Da war ich in der Übungssteuerung, der zentralen Übungssteuerung (kurz: ZÜST), die damals noch gar nicht so hieß, sondern das war eher ein Übungslagezentrum und wurde damals ad hoc aus dem Boden gestampft. Die Übung wurde Ende November durchgeführt, da gab es das BBK grade erst. Ich war da erst zwei Wochen im Dienst und bin dann gebeten worden, bei der LÜKEX mitmachen. Das war richtig spannend, so ins kalte Wasser geschmissen zu werden.
Mich interessieren Ihre persönlichen Eindrücke von damals, wie war das?
Ich hatte überhaupt keine Vorstellung davon, was mich da erwartet. Mein Krisenmanagement-Wissen war bei Null. Die Übung war damals sichtbar aufwendig konzeptioniert und es gab ein beeindruckendes Drehbuch und Szenario. Aber diese administrative Struktur der Übungssteuerung das war fast auf Zuruf und irgendwie hemdsärmelig. Man hatte zwar vorher ein paar Namen auf einer Liste, aber es gab keine Vorgabe wie die Übungssteuerung zu gestalten ist. Wir hatten einen Raum, da war auch Technik drin, ein paar Rechner aufgebaut und man konnte da was an die Wand werfen. Aber mehr nicht, wir mussten uns selber schütteln. Wie erfassen wir das, was wir in der Übungslage brauchen? Meine Aufgabe war unter anderem, am Rechner zu sitzen und diese Lageberichte quasi irgendwie zusammenzuführen. Ich muss sagen, mit dem damaligen Team, das war echt super.
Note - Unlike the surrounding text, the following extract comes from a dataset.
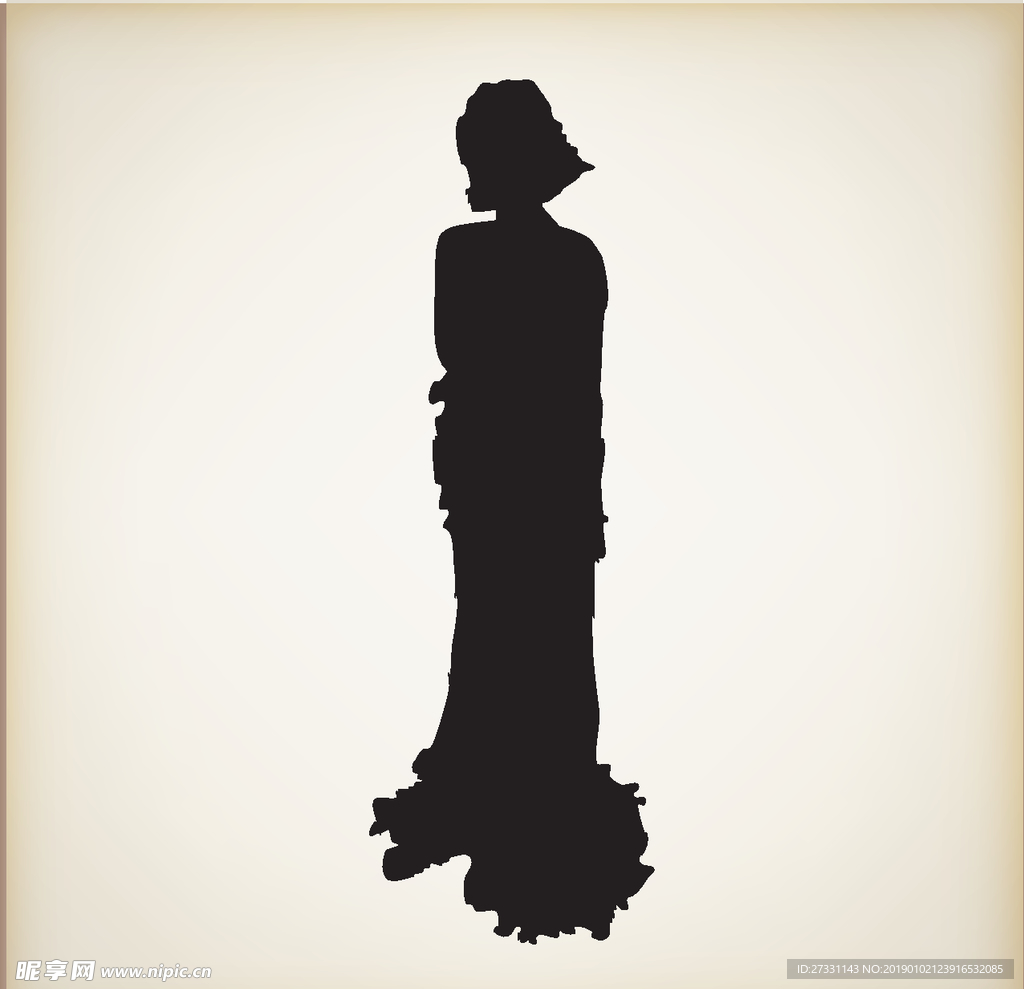 矢量人物剪影 黑白人物剪影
Ich weiß noch, dass der ehemalige Akademieleiter, Herr Läpke, über die Flure an der Akademie für Krisenmanagament, Notfallplanung und Zivilschutz (kurz: AKNZ) gelaufen ist und jeden der vorbeikam verpflichtet hat, im Übungslagezentrum spontan zu helfen. Danach hat das von Übung zu Übung deutlich an Struktur gewonnen. Und heute ist das ein hochprofessionelles Vorgehen im Gegensatz zu damals.
Welche Herausforderungen gab es damals?
Meine größte Herausforderung war, dass ich morgens um 7:00 Uhr angefangen habe und bis 00:00 Uhr durchgehend unter Stress gearbeitet habe. Die erste Übung ging drei Tage und zwei Nächte ohne Pause.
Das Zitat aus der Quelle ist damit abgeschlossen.